Outcry over Iranian Agents’ Violent Arrest of Teen Girl

The violent arrest of a teenage girl in Tehran on Saturday, for doing nothing more than playing in the park with her friends, has caused a public outcry in Iran.

In a video clip that is being shared widely on social media platforms, a male plainclothes agent of the State Security Force grabs a young woman, said to be 15 or 16 years old, and violently pushes her into a police car. The driver and all other surrounding agents were wearing plainclothes.

In total, five young women and men were arrested by plainclothes agents in a Tehranpars park on June 22 for merely playing with water guns, according to eyewitnesses.

On Monday, June 24, Hossein Rahimi, Chief of Tehran’s Police told reporters that the five young people had been arrested and charged with “refusing to comply with the orders of the police, breaking the social norms, clashing with police agents, and also removing the veil”.

The young people are still in the custody of the police, but one might well wonder how they could be charged with refusing to comply with police orders or clashing with police agents if the agents weren’t in uniform. That doesn’t even to take into account the ridiculous charges of “removing the veil” or “breaking social norms”, which are specifically designed to repress the people of Iran.

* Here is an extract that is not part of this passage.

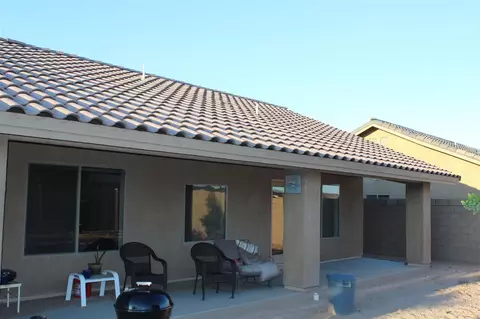 6161 E 46 Ln, Yuma, AZ 85365 photo 19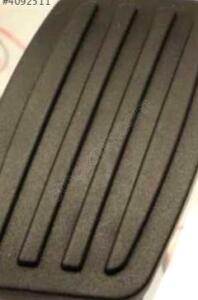 Citroen Saxo gaz pedal Lastiği 160410 | ÇIKMA PARÇA OEM 160410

This violent arrest had caused outrage among the people of Iran to such as extent that even a state-run news agency printed a condemnation from a social pathologist.

The pathologist said: “This type of behaviour, is neither punitive nor humanitarian or Islamic. We have laws. The law does not allow anyone to act in any way they want. At the same time, we have policewomen. In such cases, where women are involved, policewomen have to take action and speak.”

The public outcry even caused the commander of the State Security Force of Tehran to order the dismissal and detention of the two police agents directly involved in the arrest, just a few hours after the news broke. However, he walked back this order on Tuesday, June 25, claiming that he was postponing it until the “conclusion of investigations”, which sounds like code for “until this all dies down”.

In a related matter, another video circulating on social media shows a sobbing young woman who was beaten up by State Security Force agents in a Tehran metro station for improper veiling.

Reportedly, the regime is seeking to station patrols in recreational areas in the coming days to monitor women’s compliance with the forced veil and give verbal warnings, but it seems clear that these may well turn into physical warnings.